*** Opening RECORDS FOR THIS EXERCISE ***
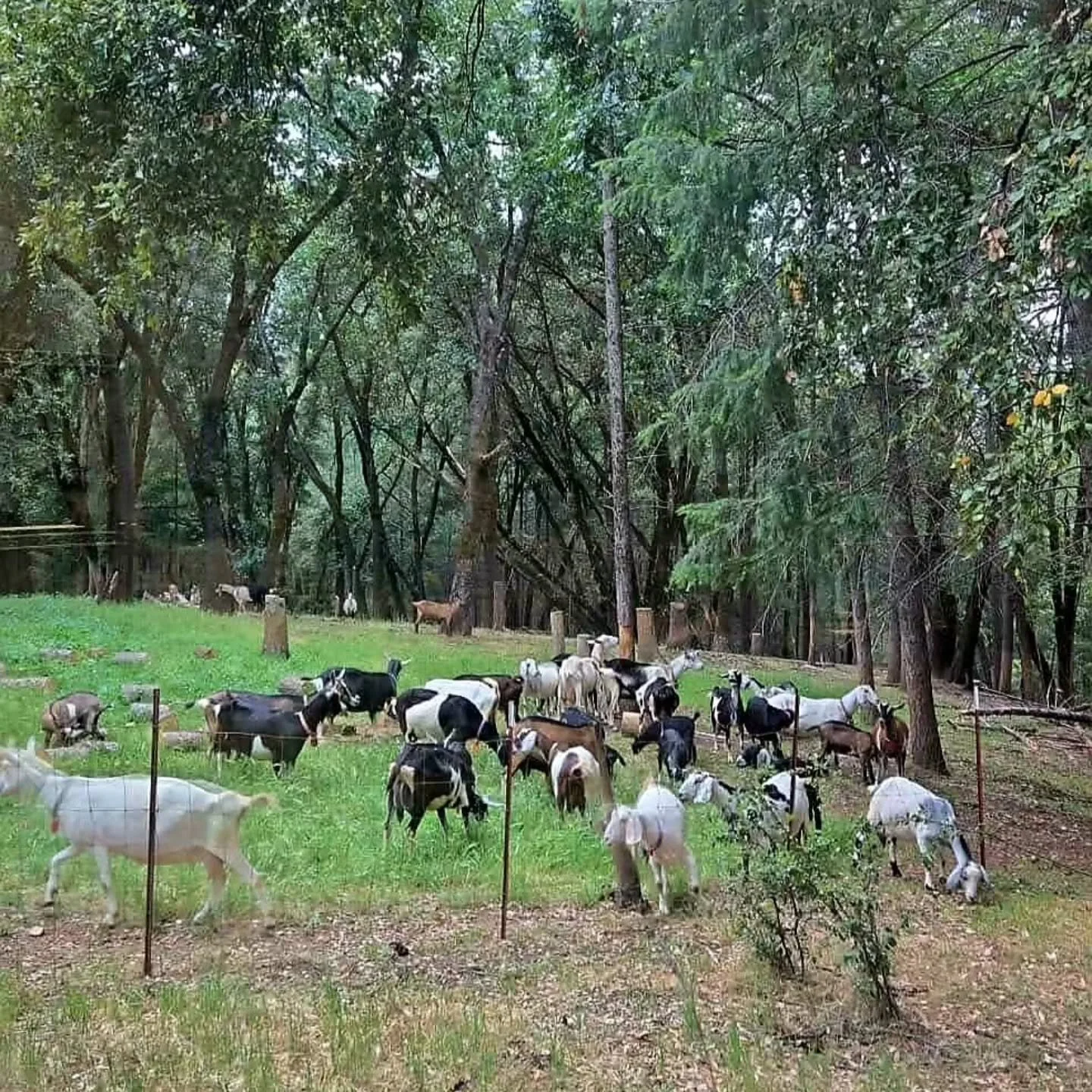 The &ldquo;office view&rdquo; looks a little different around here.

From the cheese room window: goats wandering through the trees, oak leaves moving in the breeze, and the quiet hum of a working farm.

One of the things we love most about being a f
*** Closing RECORDS FOR THIS EXERCISE ***
*** Opening RECORDS FOR THIS EXERCISE ***
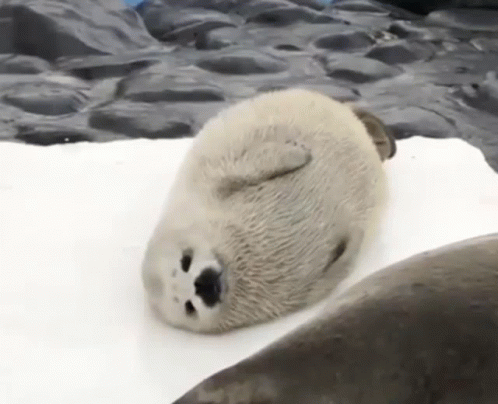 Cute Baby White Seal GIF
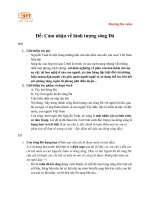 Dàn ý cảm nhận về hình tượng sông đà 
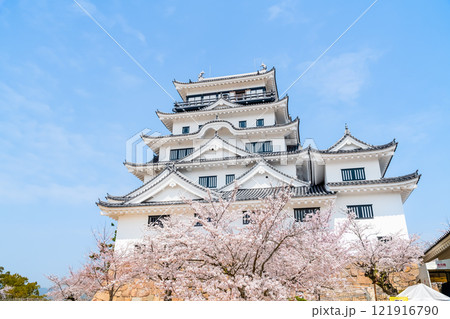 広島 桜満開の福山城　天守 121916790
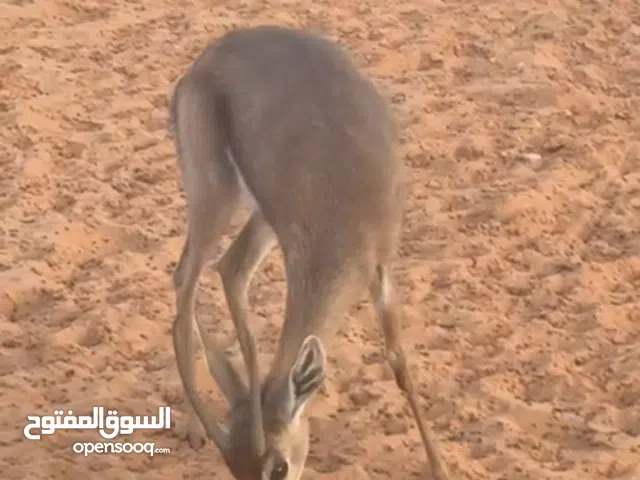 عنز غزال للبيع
*** Closing RECORDS FOR THIS EXERCISE ***
EXERCISE: From the line holding "Dàn ý cảm nhận về hình tượng sông đà" to the line holding "عنز غزال للبيع", both included, retype the entries above exactly and drop the pictures.

REPLY TO THE TASK:
 Dàn ý cảm nhận về hình tượng sông đà 
 広島 桜満開の福山城　天守 121916790
 عنز غزال للبيع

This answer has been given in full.